Details of the biosimilars guidelines are currently undergoing investigation but will be finalized after the new drug registration regulation release, said Haifeng Hu, vice president, Shanghai Institute of Pharmaceutical Industry.
China's healthcare reform and critical illness insurance program, issued this year, will call for a growing demand for biologics, especially for oncology drugs. Monoclonal antibodies (mAbs) are expected to be at the forefront, said Jianhoung Tao, vice president, Southern Medicine Economic Research Institute (SMEI) of SFDA.
Domestic biosimilars have been on the market in China for 20 years, according to SMEI data. The country has approved 382 genetically engineered drugs and genetically engineered vaccines, but only 21 products are innovative and the rest are biosimilars, according to SMEI data.
Biologics and biosimilars account for 10% of the total pharmaceuticals market in China, but their recent annual growth rate has reached 32.2%, according to Deloitte data.
Medical Device
There is a huge demand to upgrade the medical devices in Chinese hospitals according to Health News, an affiliate newspaper of the Health Ministry. About 60% of all medical devices were installed before the mid-1980s, and 15% in the 1970s. This was reaffirmed at the China Med 2013 press conference.
China is expected to be the world's second largest market for medical devices, overtaking Japan in five to seven years, and be 25% of the world market by 2050, according to PharmaLive, a market research firm.
China's SFDA has reclassified 73 devices into other risk categories and removed three devices from the classification system. Products reclassified as Class III include inhaled nitrous oxide delivery systems, ultrasonic bone surgery devices, cell sorters, and spine probes. Devices no longer classified include automatic blood bag labeling machines and gauze counting detection systems.
The SFDA also released new guidelines on how foreign medical device manufacturers label and package their products, according to China-briefing.com. Companies have until April 1, 2013 to comply.
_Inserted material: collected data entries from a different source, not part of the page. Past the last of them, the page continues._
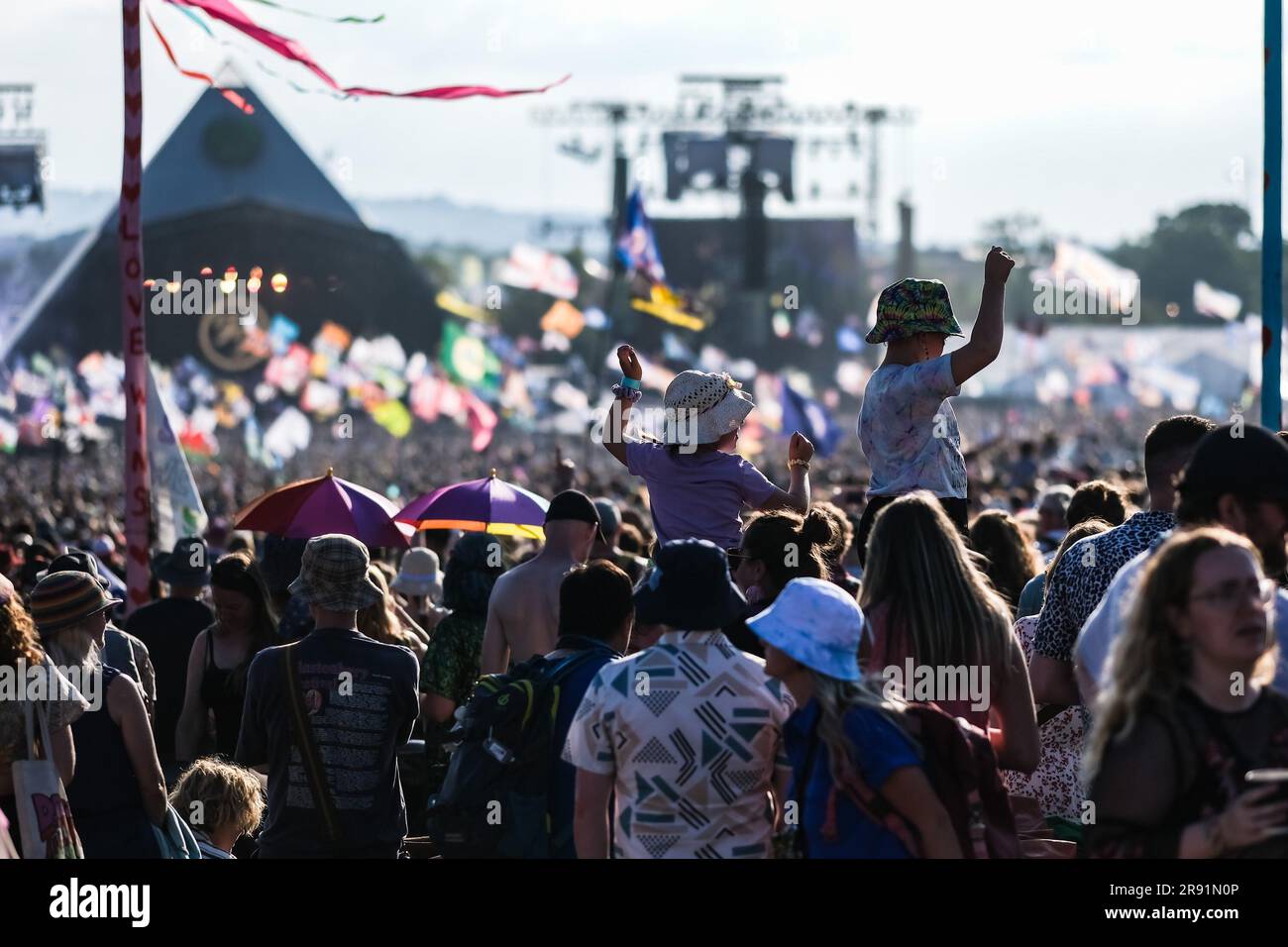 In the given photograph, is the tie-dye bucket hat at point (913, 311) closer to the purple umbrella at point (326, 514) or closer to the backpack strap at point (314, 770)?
the backpack strap at point (314, 770)

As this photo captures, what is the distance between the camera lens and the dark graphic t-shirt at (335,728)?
5.66m

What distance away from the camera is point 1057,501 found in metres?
10.5

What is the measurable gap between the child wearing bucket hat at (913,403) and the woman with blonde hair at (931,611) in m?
1.23

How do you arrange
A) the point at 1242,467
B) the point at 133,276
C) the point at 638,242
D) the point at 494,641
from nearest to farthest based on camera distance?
the point at 1242,467
the point at 494,641
the point at 133,276
the point at 638,242

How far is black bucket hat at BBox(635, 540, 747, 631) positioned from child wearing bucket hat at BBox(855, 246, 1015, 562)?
4.36 feet

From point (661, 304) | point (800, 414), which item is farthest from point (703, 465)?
point (661, 304)

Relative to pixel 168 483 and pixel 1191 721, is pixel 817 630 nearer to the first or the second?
pixel 1191 721

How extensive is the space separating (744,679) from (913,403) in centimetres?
160

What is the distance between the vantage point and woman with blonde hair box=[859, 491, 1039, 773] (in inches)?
182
According to SFDA's guidelines entitled "Circular on Standardizing the Labels and Packaging Marks of Foreign Medical Devices," there are three main points to the guidelines:
1) Product labeling must be in Chinese (though other languages can be added). Product labeling must be attached to any and all devices, otherwise it will be prohibited from being sold or used.
2) Foreign medical device companies must develop quality control practices that comply with Chinese regulations. All documentation must ensure the safety and effectiveness of the medical device sold.
3) "The terms and technical expressions in this Circular shall have the same meaning as those provided in the "Regulations and Administrative Measures on the Registration of Medical Devices (SFDA Order No.16).'"
The Beijing Drug Administration has signed a memorandum of agreement with device maker Zimmer, thus enabling company officials to train agency staff at its Montagne subsidiary there. The training sessions will focus on strengthening the production and inspection expertise of state regulators at local device companies, to ensure the quality and safety of orthopedic devices. Zimmer employees will also receive training on Chinese laws and regulations related to the manufacture and sale of devices.